But, Agile tells us to think big and not to plan big. Thinking big has a deep meaning. When you embark on a journey you need to think and clarify the bigger picture of the whole journey. For example, if your employees embark on their annual trip you need to set a bigger picture for the staff on the objectives of the trip. Is it merely a journey to somewhere far away, chill and come back the next day? Or are your objectives for the staff to bond a bit better, communicate and build team spirit that can create a positive atmosphere at your workplace?
Think big for your Agile projects as well. Identify the bigger picture for the solution that you are trying to develop. Spend time to understand the business outcomes that the solution is trying to achieve and know the key principles for high-performing Agile teams.
Think about where the solution will be deployed and who will be using it. How will the solution get operationalized and what impact would it have on the Stakeholders. Try to draw forth as much information as possible to identify above aspects of the solution.
Thinking big is not only from the business perspective. Think big in terms of the entire solution landscape, the context and the entire solution architecture as well. There is no need to identify a comprehensive solution design and architecture right at the inception. But always keep the entire solution and the key components in mind when you do the design. Make it and evolving architecture by building in the capability to plug in components as and when required. Technology and client needs are changing and hence adaptability is a key.
Though you think big you must always make sure to take small baby steps at a time. Acting small means to identify the smallest piece of work or task that needs to be done to make sure that the project progresses forward. Think of a driver that has met with a car accident and is confined to a wheelchair. He will have to go through hours of physiotherapy just to be able to stand up on his two feet again. Then he will start taking one step at a time in his quest of walking again.

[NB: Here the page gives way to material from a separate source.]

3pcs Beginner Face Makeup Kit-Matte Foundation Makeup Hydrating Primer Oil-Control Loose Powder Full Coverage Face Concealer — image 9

Concepts that can be measured while thinking Big
1) Working in a team incrementally and iteratively
The product size determines how many increments it will take to complete the work. The notion behind working in iterations is to get the status of work at the end of the long stage. e.g. For Development stage, it may take two week cycles over the period of 3 months.
Working in increments shows doing a group of tasks at a time, then adding another group in the next iteration. At the end of each iteration, you can show the completed task to the client. This way helps to get early feedback, can update the changes, test out ideas, and deploying before the timeline.
Agile software development projects are exactly like that. You first think big to identify all components of the solution and the tasks that the team members need to work on as Product backlog items. These are initially at a really high level – may be as epics.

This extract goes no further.